2010 Domaine Lignier-Michelot Clos de la Roche Grand Cru
Reviewed by Antonio Galloni
Issue Date 23rd Dec 2011
Source 199, The Wine Advocate
Rating 93 - 95 points
Release Price $275
Drink Date 2025 - 2045
The 2010 Clos de la Roche bursts from the glass with super-ripe red cherries, raspberries, rose petals and spices. The Clos de la Roche boasts striking inner perfume, impeccable balance and the silkiest of tannins, all in an elegant, racy package that is absolutely irresistible. Layers of deeply perfumed fruit build effortlessly to the energetic, expansive finish. This is another dazzling showing from Virgile Lignier. The 2010 is a blend of estate and purchased fruit, approximately two-thirds and one-third respectively, and was made with 40% whole clusters. Anticipated maturity: 2025-2045.
2012 Domaine Lignier-Michelot • Clos de la Roche Grand Cru
Reviewed by Neal Martin
Issue Date 30th Dec 2013
Source 210, The Wine Advocate
Rating 93 - 95p
Release Price NA
Drink Date 2018
The 2012 Clos de la Roche Grand Cru is 50% whole cluster and 50% new oak and it comes from the domaine’s own vines supplemented by purchased fruit. It has a very elegant bouquet that is quite Vosne-like in style: red berries, minerals and dried petals. The palate is medium-bodied with a dense, solid opening. There is impressive matiere here: a firm grip and equipped with a composed yet weighty finish that will require 5-6 years to fully mature. Good potential.

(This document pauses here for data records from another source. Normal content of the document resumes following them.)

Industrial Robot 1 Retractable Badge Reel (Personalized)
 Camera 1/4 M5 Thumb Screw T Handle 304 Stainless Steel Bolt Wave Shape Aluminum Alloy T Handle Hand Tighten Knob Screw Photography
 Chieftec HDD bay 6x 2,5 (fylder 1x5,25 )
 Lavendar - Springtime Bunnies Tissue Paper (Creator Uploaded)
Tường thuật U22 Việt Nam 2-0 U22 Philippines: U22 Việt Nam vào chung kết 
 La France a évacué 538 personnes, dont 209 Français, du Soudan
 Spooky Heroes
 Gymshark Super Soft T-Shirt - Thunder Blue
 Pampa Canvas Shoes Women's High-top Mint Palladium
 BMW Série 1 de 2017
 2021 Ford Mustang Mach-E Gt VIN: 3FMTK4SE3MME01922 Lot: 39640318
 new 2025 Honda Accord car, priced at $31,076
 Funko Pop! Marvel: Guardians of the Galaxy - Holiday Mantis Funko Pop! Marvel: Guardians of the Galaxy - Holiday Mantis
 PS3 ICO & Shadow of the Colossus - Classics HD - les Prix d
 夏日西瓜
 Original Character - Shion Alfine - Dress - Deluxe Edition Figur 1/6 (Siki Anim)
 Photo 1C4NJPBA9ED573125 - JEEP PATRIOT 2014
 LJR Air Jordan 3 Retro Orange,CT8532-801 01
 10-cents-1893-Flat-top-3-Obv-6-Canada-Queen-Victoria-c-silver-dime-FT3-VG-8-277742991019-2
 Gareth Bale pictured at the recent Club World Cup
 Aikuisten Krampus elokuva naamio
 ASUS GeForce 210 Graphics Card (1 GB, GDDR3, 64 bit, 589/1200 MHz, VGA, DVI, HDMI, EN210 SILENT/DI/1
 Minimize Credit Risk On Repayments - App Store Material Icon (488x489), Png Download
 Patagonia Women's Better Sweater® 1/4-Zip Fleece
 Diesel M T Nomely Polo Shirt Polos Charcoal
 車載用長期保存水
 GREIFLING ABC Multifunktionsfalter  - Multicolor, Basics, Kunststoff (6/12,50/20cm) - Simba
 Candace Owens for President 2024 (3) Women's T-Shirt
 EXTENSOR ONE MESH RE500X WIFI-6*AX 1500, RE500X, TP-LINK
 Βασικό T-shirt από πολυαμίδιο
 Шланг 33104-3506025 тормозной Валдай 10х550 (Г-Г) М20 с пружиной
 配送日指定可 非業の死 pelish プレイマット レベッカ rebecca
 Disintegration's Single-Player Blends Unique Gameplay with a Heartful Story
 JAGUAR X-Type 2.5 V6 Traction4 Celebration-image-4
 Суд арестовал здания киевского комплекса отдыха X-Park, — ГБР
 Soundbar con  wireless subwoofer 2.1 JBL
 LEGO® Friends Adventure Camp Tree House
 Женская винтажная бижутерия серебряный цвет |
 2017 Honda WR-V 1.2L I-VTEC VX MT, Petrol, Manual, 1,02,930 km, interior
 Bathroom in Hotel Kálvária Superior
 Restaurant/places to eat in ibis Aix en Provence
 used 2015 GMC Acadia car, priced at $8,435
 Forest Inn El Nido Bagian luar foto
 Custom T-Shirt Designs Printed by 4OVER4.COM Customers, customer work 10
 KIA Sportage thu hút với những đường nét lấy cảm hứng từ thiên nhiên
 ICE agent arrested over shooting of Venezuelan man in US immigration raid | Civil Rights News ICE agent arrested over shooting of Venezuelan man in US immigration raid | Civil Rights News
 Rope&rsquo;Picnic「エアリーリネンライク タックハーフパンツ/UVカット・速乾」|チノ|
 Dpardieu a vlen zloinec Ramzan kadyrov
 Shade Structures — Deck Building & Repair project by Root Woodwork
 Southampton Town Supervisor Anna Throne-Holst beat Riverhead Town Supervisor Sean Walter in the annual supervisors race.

My second visit to see Virgile Lignier, cousin of Laurent Lignier at Domaine Hubert Lignier, did not go to plan. With the winery seemingly empty, I wondered whether he had forgotten our rendezvous. I soon discovered that the original domaine is tucked away within the village of Morey Saint Denis, and that like many, expansion has meant that they had to move elsewhere to make their wines. Virgile finally appeared driving a forklift truck loading wines destined for my homeland (incidentally I wonder how many Bordeaux proprietors have such a license?) Still, we eventually sat down to taste his 2012s that had been racked mid-September and were now in tank. I have to admit, having heard so many bon mots about Lignier-Michelot, the 2011s had not swept me off my feet back last July, though I could see the potential. However, the 2012s are a different matter and showed more complexity and nuance. The harvest here commenced a little later than others on 27 September, though not as tardy as Laurent Ponsot up the road.